Not that it mattered. Even without formal help, Galdston has had a twenty
five-year run in the music industry that most songwriters can only dream about. Galdston is best known for writing the Vanessa Williams hit, “Save the Best for Last,” which was nominated for a Grammy in 1994 and won the ASCAP Song of the Year award.
Galdston says that he and his partner, Jon Lind, wrote the major portion of the music to “Save the Best for Last” during February of 1989 in what he estimates was about twenty-five minutes. The two were working on another song when Galdston started to play a few notes of a melody and some initial chords. Lind jumped in, and together they shaped the music. A half hour later, Galdston's partner turned to him and asked half-jokingly what the name of the song should be. Galdston answered, “This song is 'Save the Best for Last.”
The song became a reality when Galdston and noted collaborator Wendy Waldman wrote the lyrics a month later in Nashville.
It's been that kind of a career for Galdston, who debuted on the “Tonight Show” when he was still in college. In
fact, Galdston's college experience was unique because, as he says, “I spent three days a week in Schenectady, three days a week performing in New York, and one day traveling back and forth.”
Still, Galdston credits a musical composition course he audited at Union with giving him the discipline and the analytical skills he says he uses every time he sits down to write a song.
“[Professor of Music] Edgar Curtis's big message was that all of
the great music of the western world is based on linearity-on melody,” he explains. “Even though today a lot of pop music is based on chords, or on rhythm, it's the marriage of a great melody with other elements that produces the greatest emotional impact. The melody is the story of the song. The rest is scenery and character. I try to make things work first at a simple level.”
Nowhere is this philosophy more evident than in “Save the Best for Last,” which is carried by a melody that flows throughout a song that doesn't have a chorus.
“People still come up to me and say, 'you really wrote such a beautiful song,' and that always inspires me,” he says.
By the time Galdston arrived at Union he had already made a few small records. Early in his college career he formed a nine-piece jazz rock band called Freeway that was a regular hit at New York clubs such as the Fillmore East and the Bitter End.
After graduating in 1972, Galdston split his time as an accompanist and record producer for comedians Robert Klein and Robin Williams and as one half of the jazz-rock duo Galdston and Thom. Galdston ended his performing career in 1982 when, he says, he realized it was not going to end up being the success he hoped.
Galdston says the breakup liberated him by allowing him to experiment with different kinds of music.
“I write what I want to write, and I write from my heart,” he says. “And at all times I'm relatively satisfied because I'm getting the chance to express myself on my own terms.”

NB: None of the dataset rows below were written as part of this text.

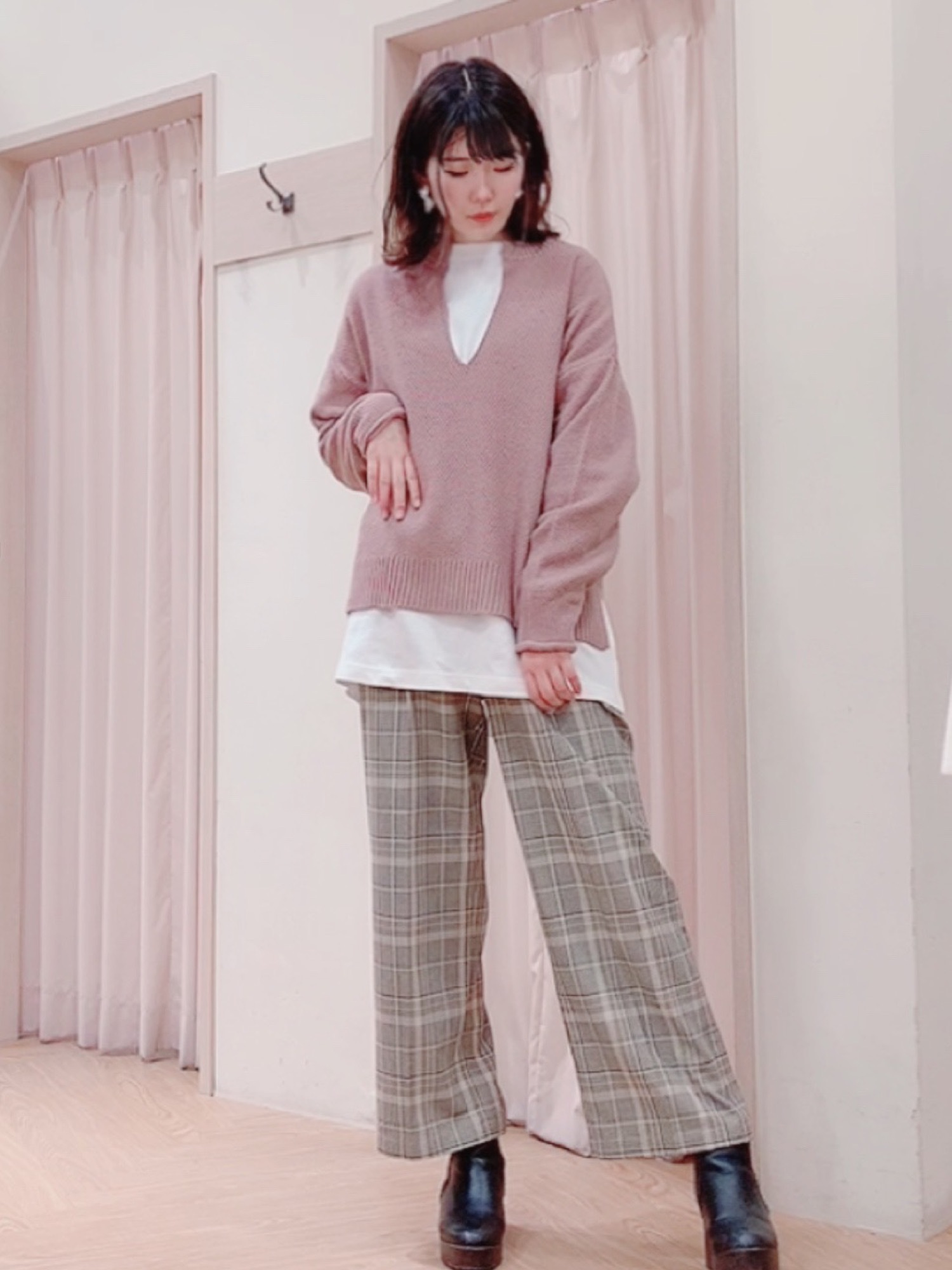 ルネ　未使用　ベージュパンツ zzy4524b1277_l_a001.jpg
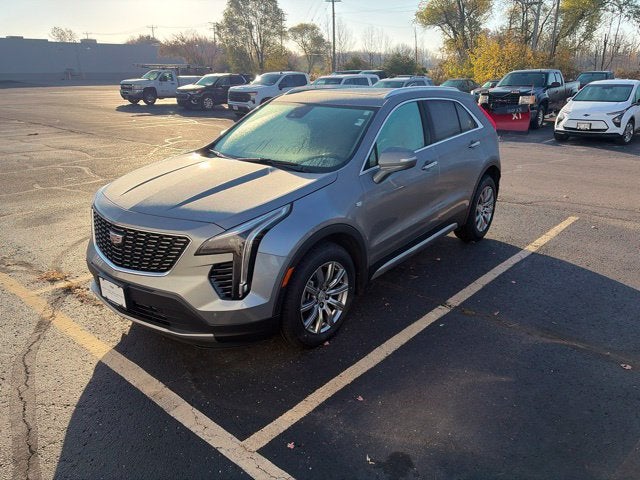 2023 Cadillac XT4 AWD Premium Luxury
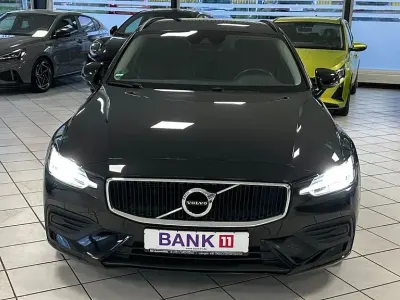 Occasion Volvo V60 Momentum 150 ch (110 kW) 2020 Noir Break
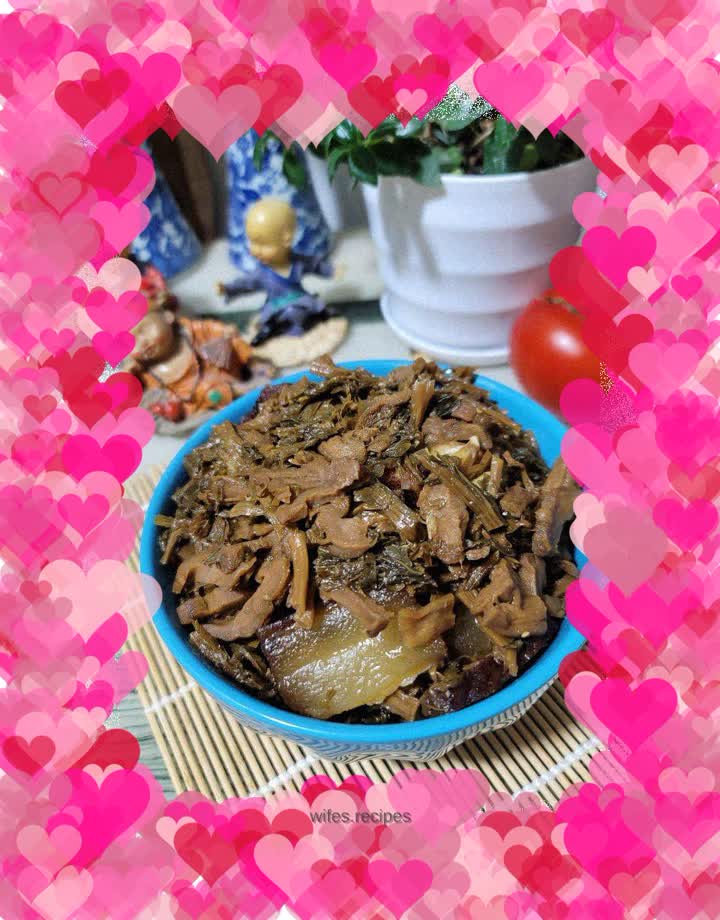 Braised kohlrabi with bacon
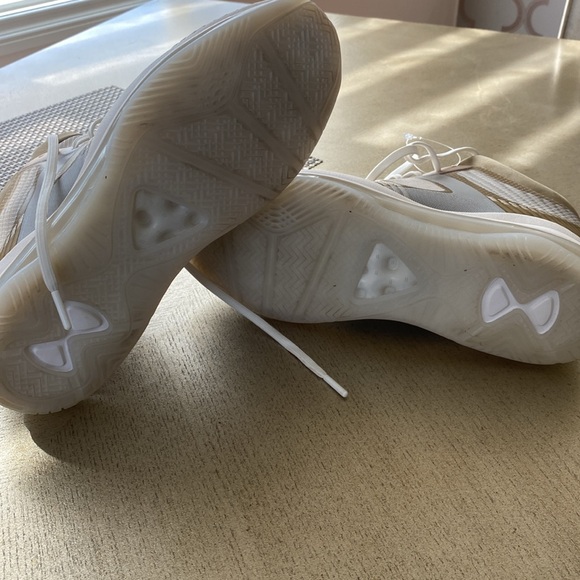 Nike Lebron James/john Elliot - Picture 8 of 9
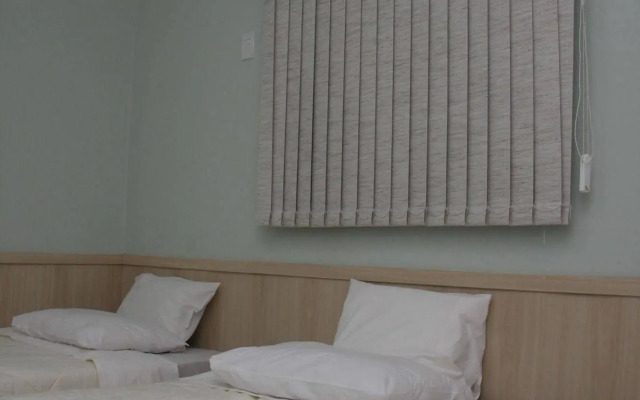 Santa Felicidade Hotel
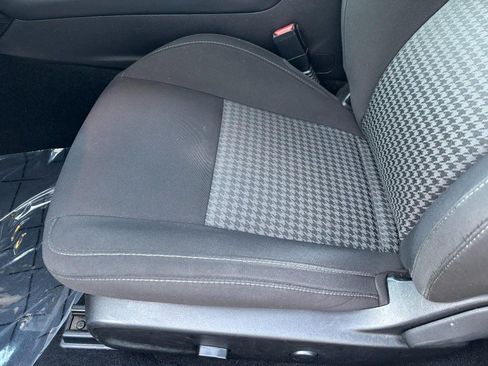 Used 2022 Dodge Challenger R/T RWD image 18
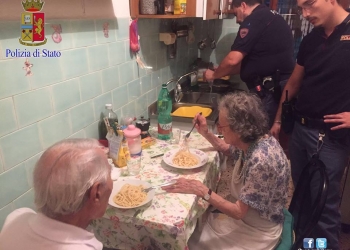 Policiais são acionados e acabam cozinhando para idosos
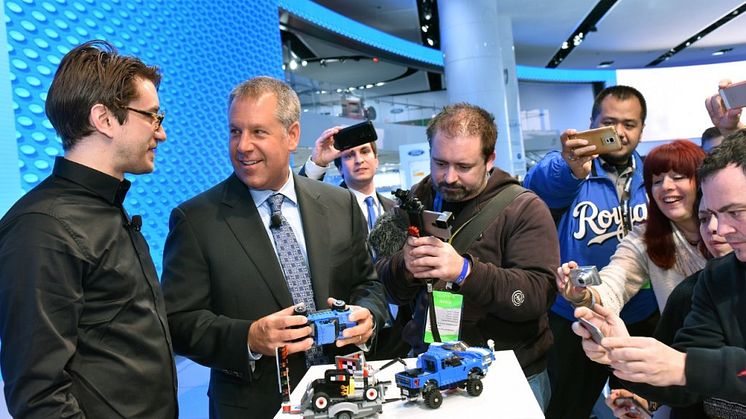 A Ford és a LEGO Sebesség Bajnokai bemutatja a Mustang és az F-150 Raptor készleteket, hogy a gyermekeknek felépíthessék álmaikat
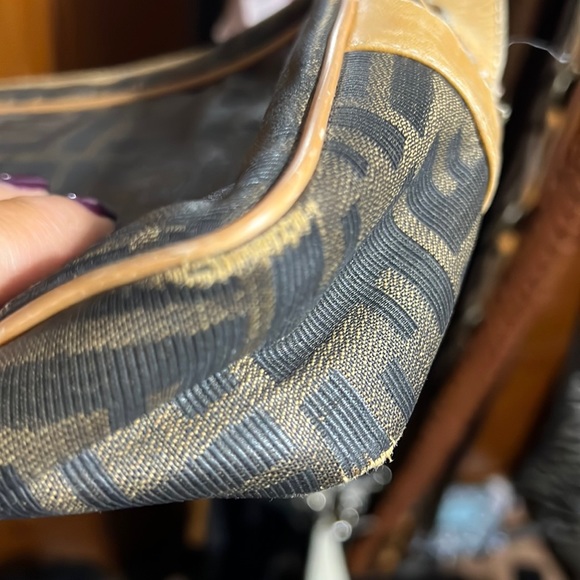 NOT FOR SALE. FENDI crossbody VINTAGE authentic - Picture 8 of 17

Galdston acknowledges that relying on the whimsy of popular culture for your income isn't an easy thing to do. He says promoting his work is a struggle every day, and an old lesson from his close friend, the Lovin Spoonful's John Sebastian, helps him keep his chin up.
“He told me that if you're going to be in this business, you have to be in it for the long run, and you do it because you love doing it,” he recalls. “Some days are going to be
good, some days are going to be bad, but you do it because you love the creative process.”
Galdston says he is “cautiously optimistic” about the current state of the pop music world. As long as people continue to write songs from their hearts, he believes everybody should be optimistic about the future of pop music. Galdston thinks that kind of emotional investment has been the key to the recent success of Alanis Morisette, and he thinks people in the industry are taking note.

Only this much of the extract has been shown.